ASSIGNED TASK: Would you retype the whole listing exactly, leaving its pictures out?
===== GIVEN DATA
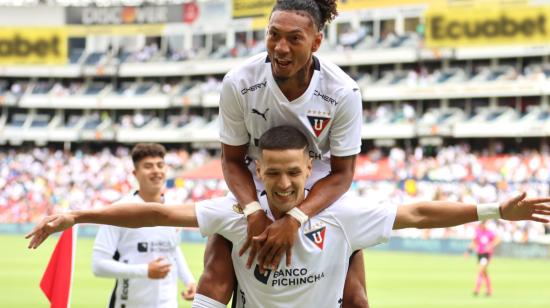 Los jugadores de Liga de Quito, José Quintero y Alex Arce, festejan un gol en el estadio Rodrigo Paz Delgado el 16 de marzo de 2024.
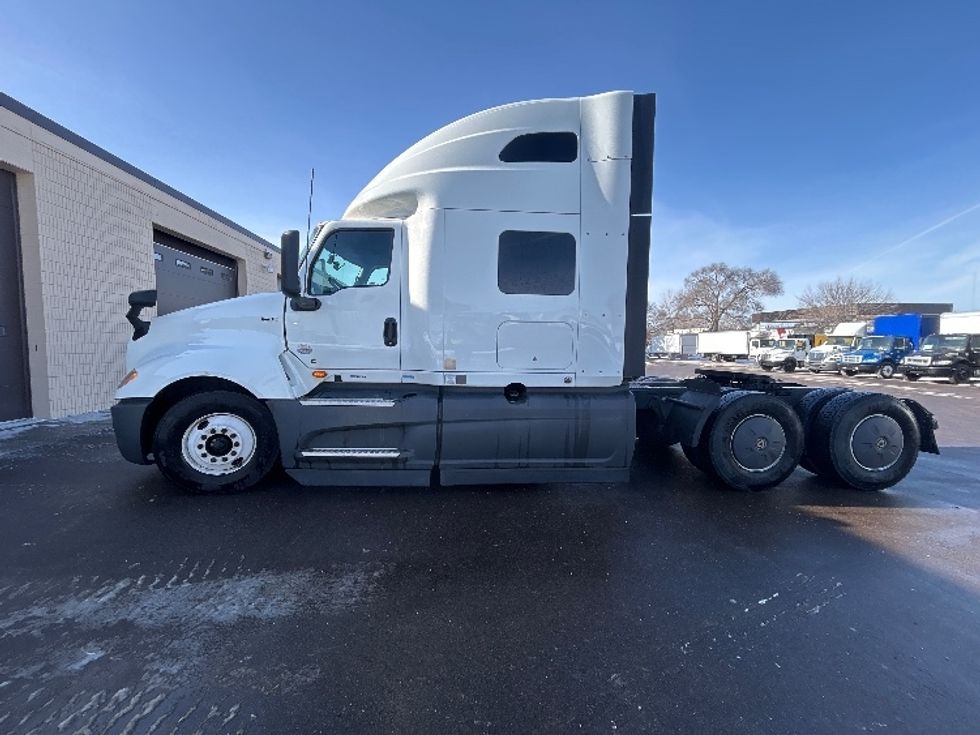 Sleeper Tractor-Heavy Duty Tractors-International-2023-LT625-Brooklyn Park-MN-563,991\n\t\tmiles-$ 49,000 - Image 4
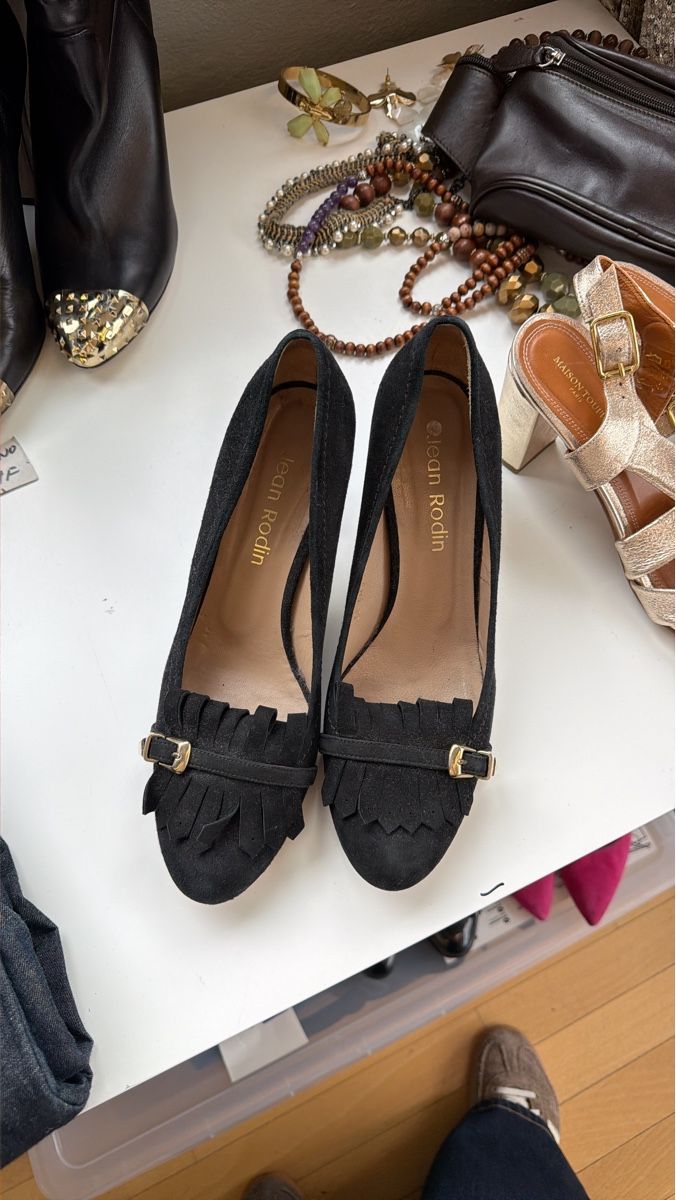 Damenschuhe: Elegant Black Suede - Size 41 - Perfect for Fall! – Gebraucht aus Genève von ama_2wfv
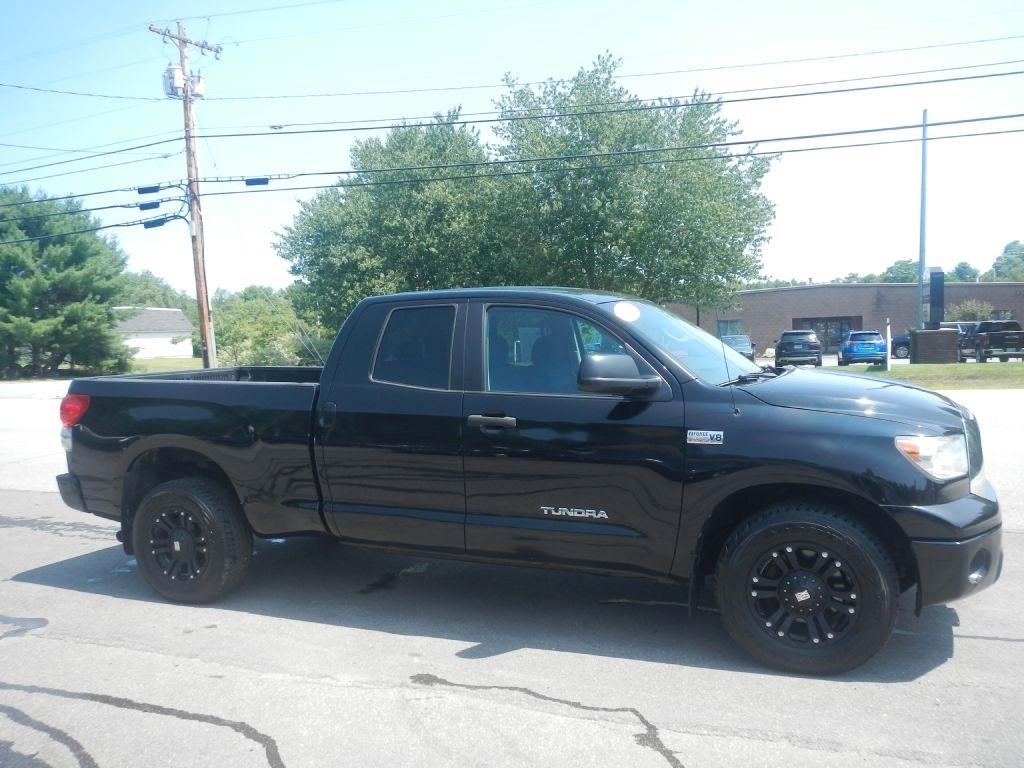 Toyota Tundra SR5 Double Cab 5.7L 4WD 2008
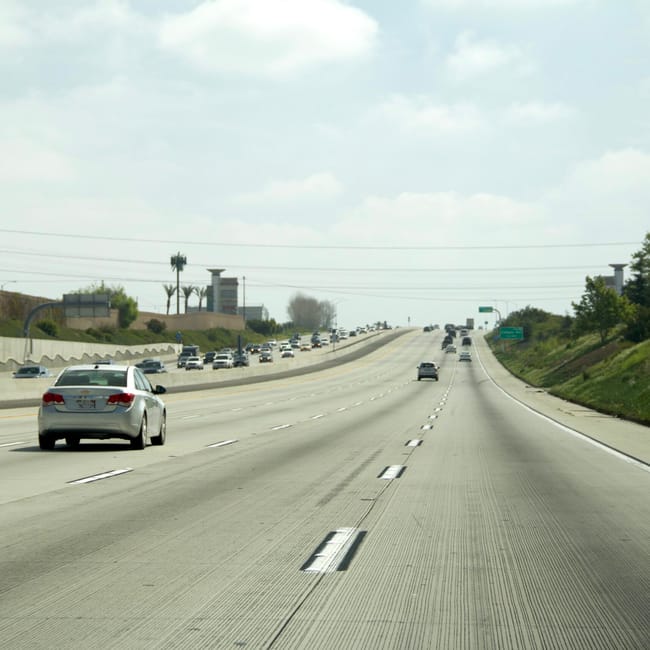 Autostrada w los angeles z kilkoma samochodami na szerokiej, słonecznej jezdni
==========
RESULT OF THE EXERCISE:
 Los jugadores de Liga de Quito, José Quintero y Alex Arce, festejan un gol en el estadio Rodrigo Paz Delgado el 16 de marzo de 2024.
 Sleeper Tractor-Heavy Duty Tractors-International-2023-LT625-Brooklyn Park-MN-563,991\n\t\tmiles-$ 49,000 - Image 4
 Damenschuhe: Elegant Black Suede - Size 41 - Perfect for Fall! – Gebraucht aus Genève von ama_2wfv
 Toyota Tundra SR5 Double Cab 5.7L 4WD 2008
 Autostrada w los angeles z kilkoma samochodami na szerokiej, słonecznej jezdni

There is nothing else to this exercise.